China tightens control over culture

China will bar new foreign television channels and step up censorship of imported programming, adding to a sweeping effort to tighten the government’s control over popular culture.

Foreign players like MSN have moved into China only recently
Foreign players like MSN have moved into China only recently

In an effort to “safeguard national cultural safety,” the government also will tighten controls over the 31 foreign television satellite broadcasters that hold licenses to operate in China, the the Culture Ministry said on its Web site in a statement dated Wednesday.

The government also will ban new licenses for companies to import newspapers and magazines, electronic publications, audiovisual products and children’s cartoons, the ministry said.
It said new limits will be imposed on the number of foreign copyrighted products that Chinese companies are allowed to publish.

The measures are a dramatic step back from more liberal rules unveiled late last year to open China‘s media market.

Mounting campaign

The announcement adds to a mounting campaign over the past two years to tighten control over popular culture and keep out material that communist leaders worry is spreading politically and socially dangerous influences.

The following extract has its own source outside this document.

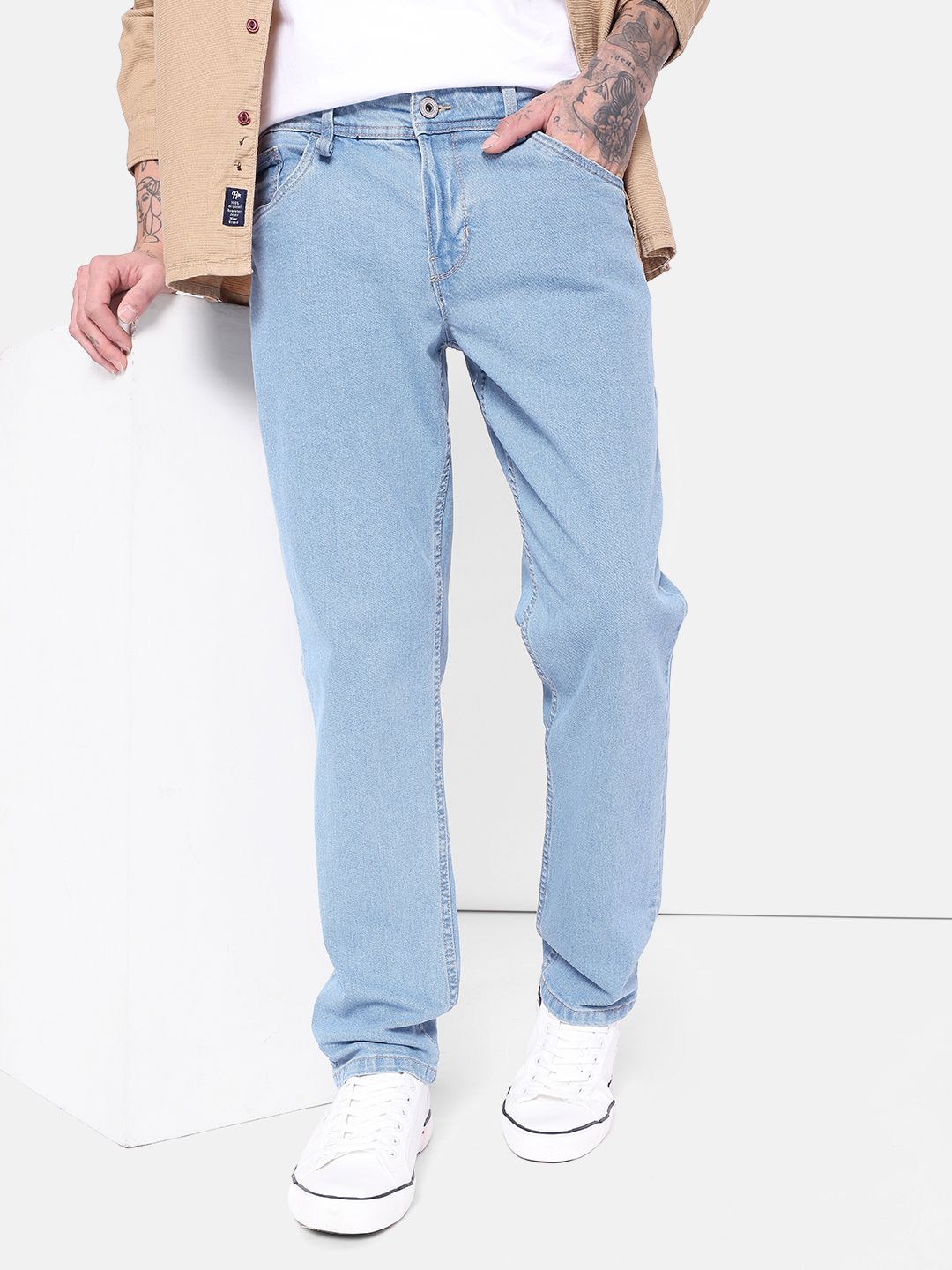 The Roadster Life Co. Men Slim Fit Stretchable Jeans-picture-31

The latest steps are meant to “strengthen management of imported cultural products, improve intellectual property protections and safeguard national cultural safety,” the Culture Ministry said.

“No more licenses for foreign satellite channels will be issued,” it said. It said regulators will “conscientiously strengthen management of foreign satellite channels that already have licenses.”

China will ban new licenses to import newspapers and magazines

China will ban new licenses to
import newspapers and magazines

The statement didn’t give any details of what new content guidelines might be applied to foreign broadcasters. 

They are likely to be a major disappointment for broadcasters that hope for access to China, a country with 400 million television sets.
Chinese radio and television stations are eager for access to foreign investment and programming as many lose government subsidies and have to compete in a crowded, fast-changing market.

Joint ventures

Some foreign companies such as News Corp.’s Hong Kong-based Star Group and others have been granted rights to broadcast over cable systems in small areas of the mainland. Viacom Inc.’s Nickelodeon and others have formed joint ventures with Chinese partners, while some sell blocks of programming.

But communist leaders are reluctant to give Chinese broadcasters free rein to form foreign ties, concerned it might erode official controls over what censors refer to as “political standards” of broadcasts.

Regulators frequently cite foreign culture as a source of unwholesome influences in Chinese broadcasting.

Last year, the government prohibited the use of English words on television and foreign programs that promote “Western ideology and politics.” It also banned programs about crime or violence in prime time in order to promote a “healthy environment” for children.

Last month, the government announced a ban on Chinese television and radio stations forming partnerships with foreign companies or leasing channels to foreign companies.

The Culture Ministry announcement also said the government will launch a new crackdown on illegal satellite dishes.

Most private ownership of satellite receivers is banned in China, but millions of households have them illegally despite repeated crackdowns.

The ministry said authorities will try to stamp out the unlicensed broadcasting of foreign programming over telecommunications networks.